Friday Box Office: 'Wonka' Saves Christmas As 'Aquaman 2' Surfs Past 'The Marvels'
'The Color Purple,' 'The Boys in the Boat' and 'The Iron Claw' show the value of movies for/about regular Americans
Who can save the Christmas... when superheroes fail? Who can rally moviegoers right into their seats? The Candy Man can (Be my victim... falalalala)! Cause this season Wonka has the best pies in London, as the Paul King-directed musical prequel earned another $8.6 million (+8%) on Friday, bringing its total to $119 million domestically and $346 million worldwide. That points toward a $24.5 million (+36%) Fri-Sun frame and a $33 million holiday Fri-Mon frame. That means the $125 million-budgeted Timothee Chalamet-starring Warner Bros. Discovery/Village Roadshow flick will have a rousing $144 million domestic and $415 million global cume as it enters 2024. If that global guestimate holds, it’ll pass The Meg 2 ($390 million) to become Hollywood’s biggest theatrical earner since Barbie and Oppenheimer this past July.

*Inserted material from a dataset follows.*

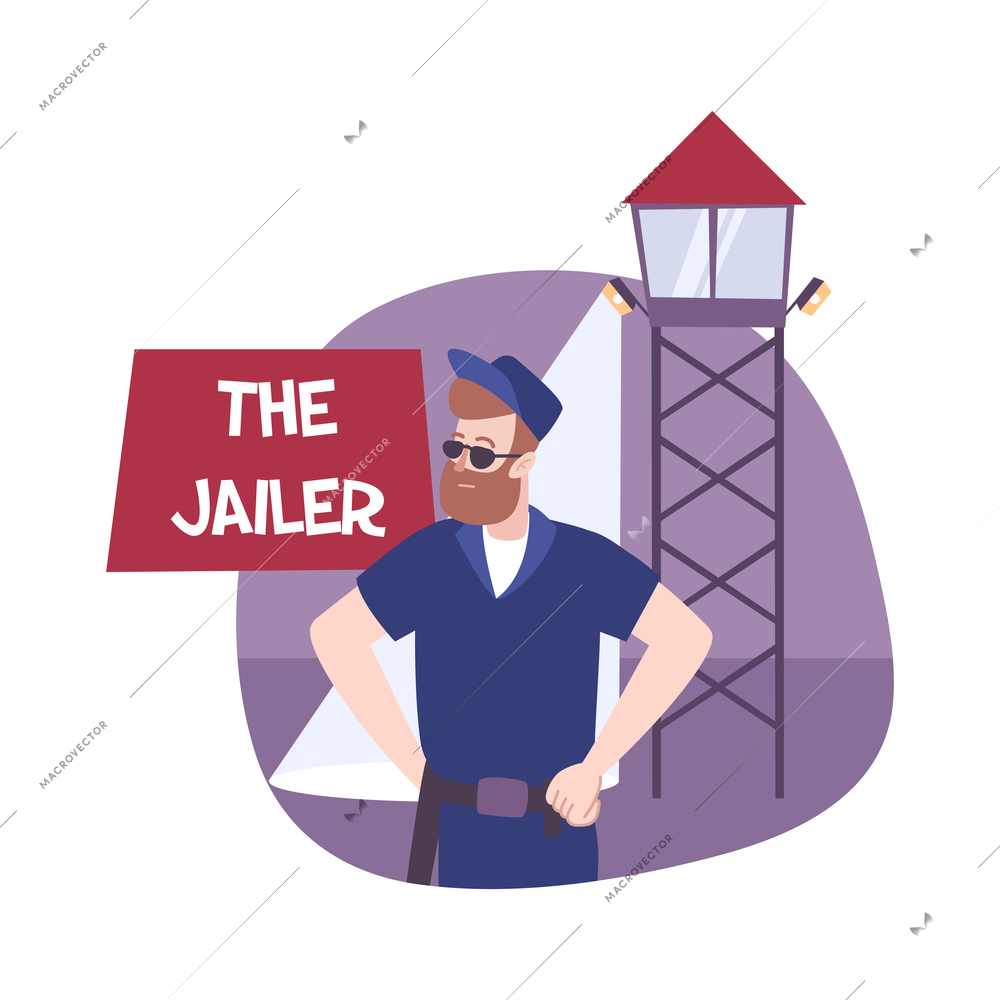 Prison composition with flat character of guard with tower spot light and editable text vector illustration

It's legging out domestically almost identically to Jumanji: The Next Level, which had earned $183 million out of $320 million total by its third Monday in 2019. If Wonka continues likewise, and it’s not like January is jam-and-jelly-packed with tentpoles, the flick could end up above $250 million domestic and (if the current domestic/overseas split holds) $725 million worldwide.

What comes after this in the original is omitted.